Is this a done deal?

In 2013, a team of researchers set sail to the eastern Beaufort Sea in search of evidence for the flood near where the Mackenzie River enters the Arctic Ocean, forming the border between Canada’s Yukon Territory and Northwest Territories. From aboard the U.S. Coast Guard Cutter Healy in ice-covered waters, the team gathered sediment cores from along the continental slope east of the Mackenzie River. Above, the piston corer is shown in horizontal position, with the gravity corer hanging vertically, ready to be launched. (Lloyd Keigwin/Woods Hole Oceanographic Institution)

It is part of the ongoing debate. Others still argue for a flood event via a different route, that had the same outcome.

What this study brings to the table is evidence from core samples for one specific route.

While the precise route is debated, both agree that vast amounts of freshwater ended up disrupting ocean circulation.

What does this mean for us?

Sitting in Greenland is a vast reservoir of frozen freshwater. In a warming world that gives us an ever increasing flow of meltwater then that could once again potentially disrupt the ocean circulation.
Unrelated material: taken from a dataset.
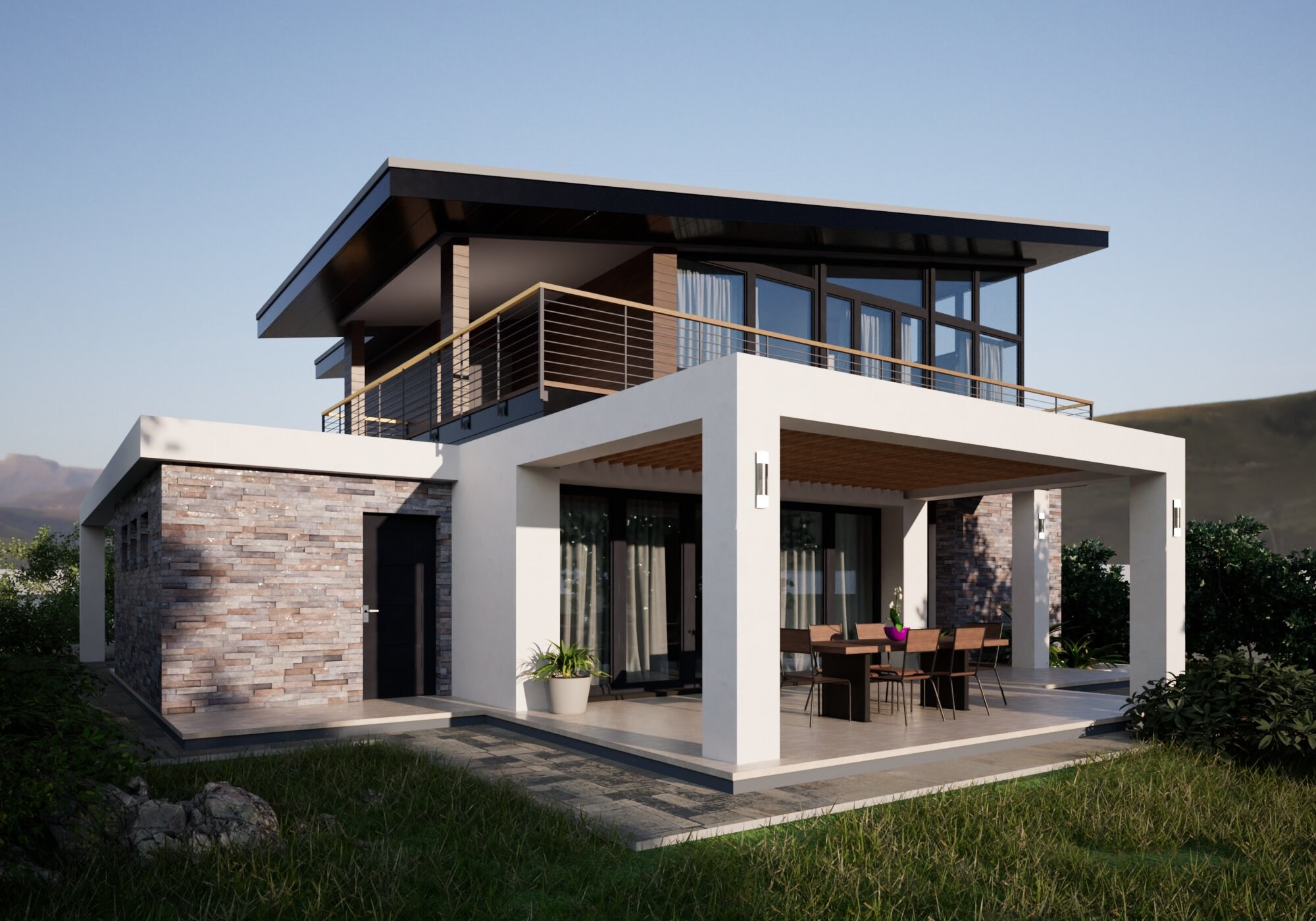 2025 / Архитектурный проект коттеджа. Крым. Архитектурное проектирование и дизайн интерьеров. г. Анапа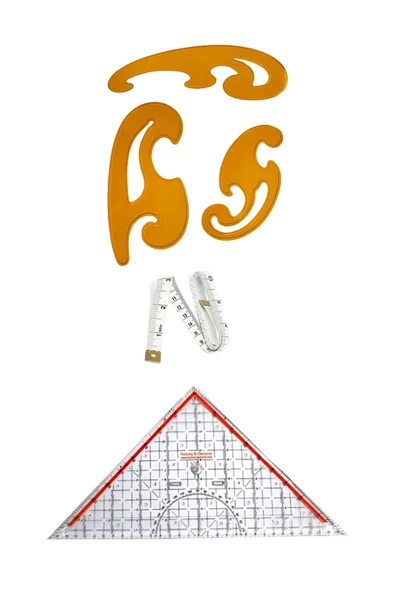 6 Parça Set 3’lü Modelist Riga Cetvel Seti, Modelist Gönyesi, Pistole Cetvel ve 150 cm Mezura - Resim 3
It would not be on the same scale as that ancient flood because it is simply not as large a source, and yet looking back we can potentially learn about what may yet come.

The deep irony is that global warming could lead to cooling in some regions, and yet longer term the global warming might in turn offset that and even overtake it.

There is existing evidence that the Atlantic circulation has already weakened and that this is ongoing …

Two new and quite independent studies have been published in Nature with some rather dire news concerning a slowdown of ocean circulation due to climate change.

Both concern the Atlantic meridional overturning circulation (AMOC) that is perhaps better known as a Gulf Stream.

The first provides direct evidence that it has slowed down by 15% since the mid twentieth century. The second provides evidence that it is now weaker than at any other time over the past 1,500 years

Should we be worried?

Basically yes, and more than a little bit of worry is wholly appropriate. The evidence merits it.